» **Recorded information**:
▶

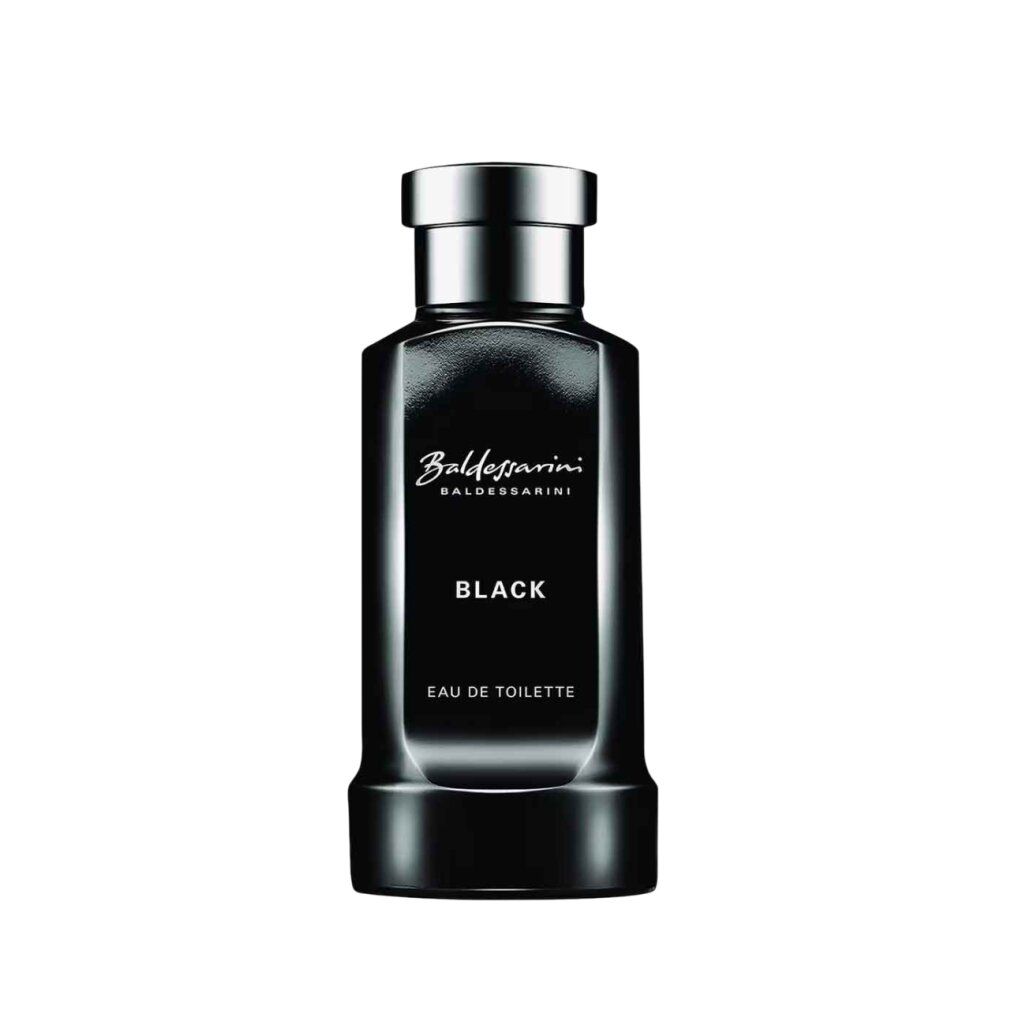 Flacone nero. Scritta: Baldessarini Black Eau de Toilette. Tappo argentato.
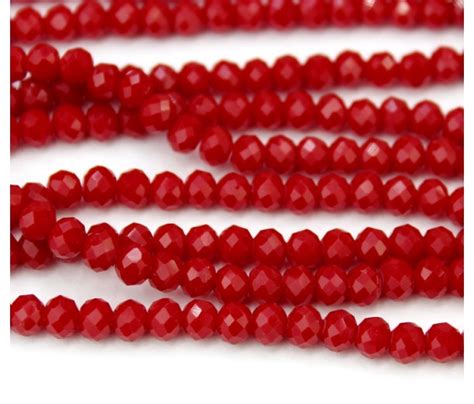 Red Opaque Glass Beads 4x3mm Faceted Rondelle Golden Age Beads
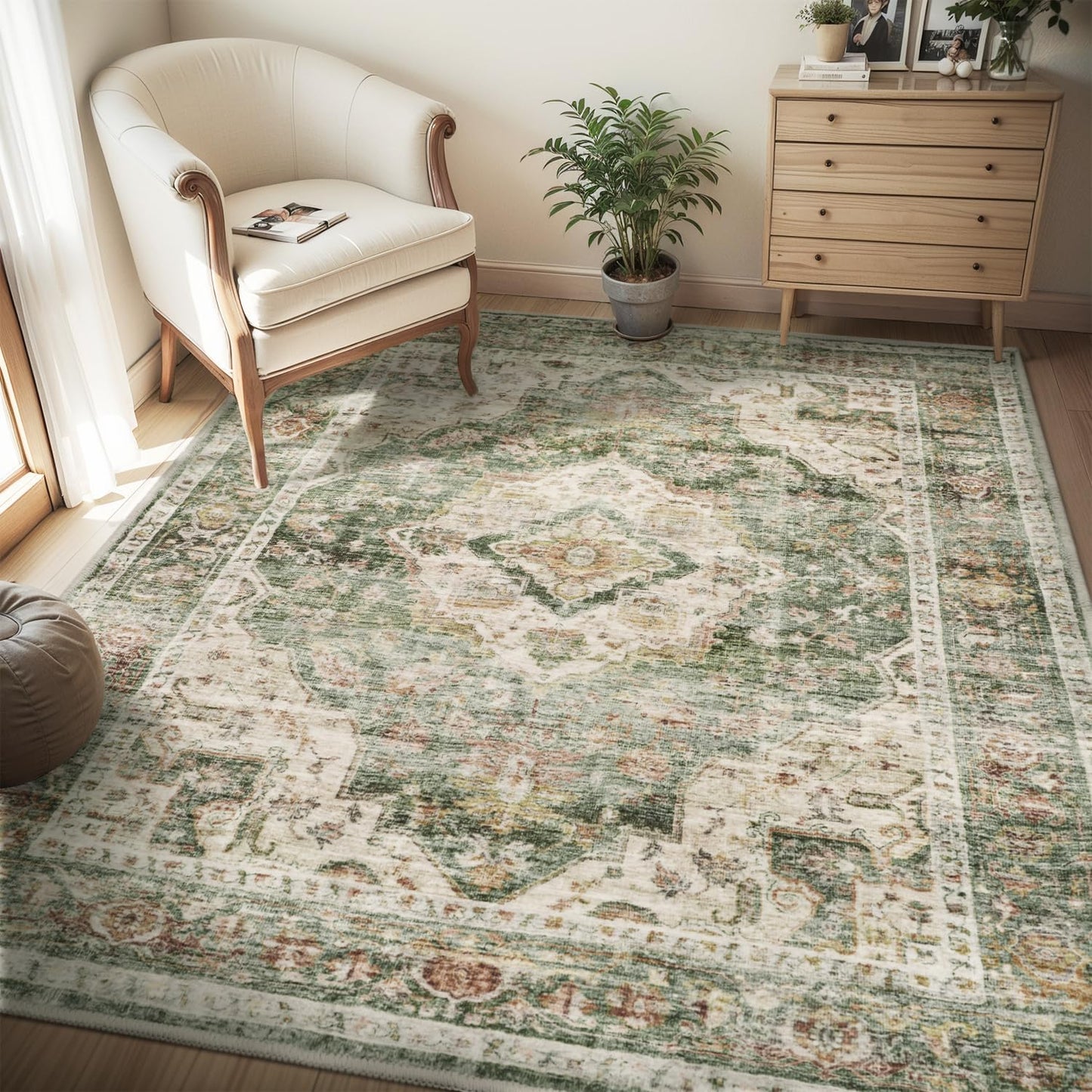 AMOAMI-4X6 Area Rugs for Living Room -Soft Vintage Bedroom Rugs-Non Slip Washable Rug-Throw for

◀

» **What the task requires**: Could you retype each line of the material above exactly, skipping the pictures?

» **Answer to this problem**:
 Flacone nero. Scritta: Baldessarini Black Eau de Toilette. Tappo argentato.
 Red Opaque Glass Beads 4x3mm Faceted Rondelle Golden Age Beads
 AMOAMI-4X6 Area Rugs for Living Room -Soft Vintage Bedroom Rugs-Non Slip Washable Rug-Throw for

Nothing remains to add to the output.